Locked and Loaded: With Vickers On Pole, Conract In Hand, Primed to Win?

Joe M.Correspondent IIJune 13, 2009

BROOKLYN, MI - JUNE 12:  Brian Vickers, driver of the #83 Red Bull Toyota, sits in his car during qualifying for the NASCAR Sprint Cup Series LifeLock 400 at Michigan International Speedway on June 12, 2009 in Brooklyn, Michigan.  (Photo by Jonathan Daniel/Getty Images)

Taking a page from the Dale Jr. playbook, Tony Stewart was able to secure his first career win as driver-owner of Stewart-Haas Racing last weekend at Pocono Raceway. While it Stewart's first win as an owner, it was the thirty-forth for the two-time Sprint Cup Series champion.

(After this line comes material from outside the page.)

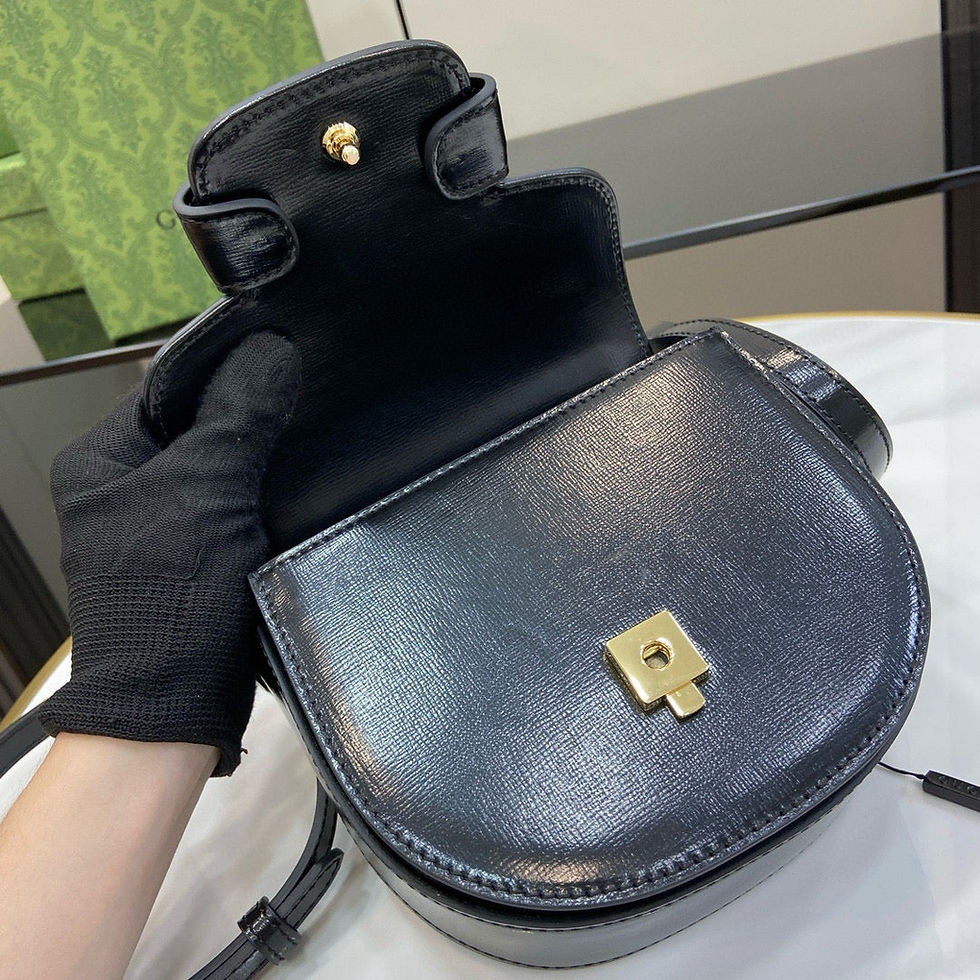 Thumbnail: Gucci Horsebit Mini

Stewart admitted after the race he "hated racing this way" when referencing his fuel-mileage victory and conserving as much as he could before he literally crossed the start-finish line essentially on fumes just as Dale Jr. had done one year ago this week in what I've come to call the "Miracle at Michigan."

I call it this not because of the feat, which has been mimicked multiple times by many drivers in the past, but because to date, it remains the first and only win Dale Jr. has secured for his downward-spiraling race team that just jettisoned the crew chief that made it happen with a Steve Letarte like moment of "genius" that we've come to expect from all the Jeff Gordon glory days of dominance.

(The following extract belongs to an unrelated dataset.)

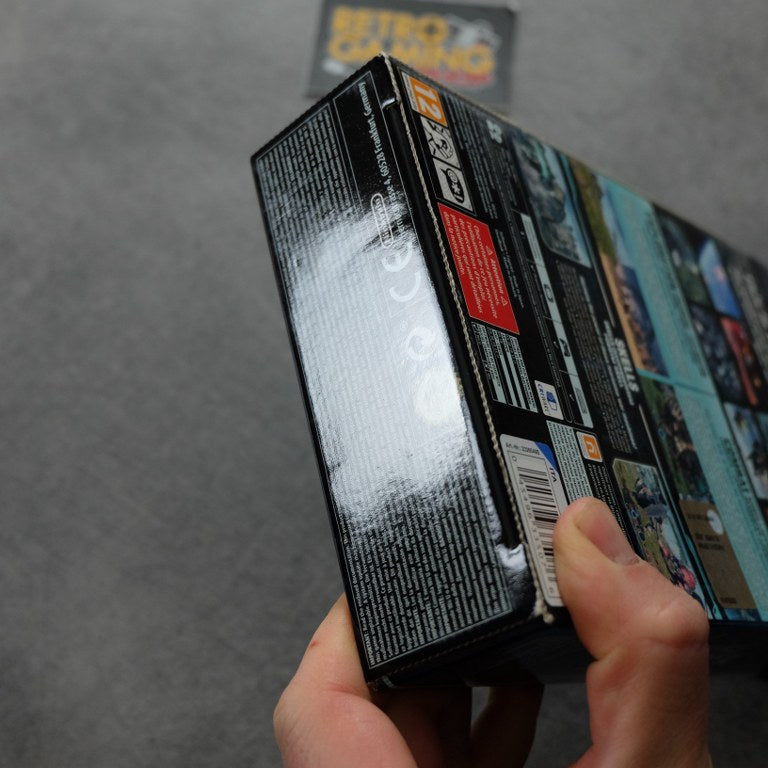 Xenoblade Chronicles X Limited Edition Nintendo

Failure to repeat this weekend where Jr. qualified a typical 30th, will put the streak at 36 races in this calender year and give him exactly 2 wins in his last 110 races dating back to the 2006 Rock and Roll 400 at Richmond if you are keeping track at home.

Just sayin'....

Story lines to watch for:

Brian Vickers (pictured). Not only has Team Red Bull's face, and equivalent to Jr. as far as his team's cornerstone won the pole for Sunday, but barring a crash in practice similar to Stewart last week or an engine failure upon final inspection prior to the race, it will be his third of the season and first since Richmond in May.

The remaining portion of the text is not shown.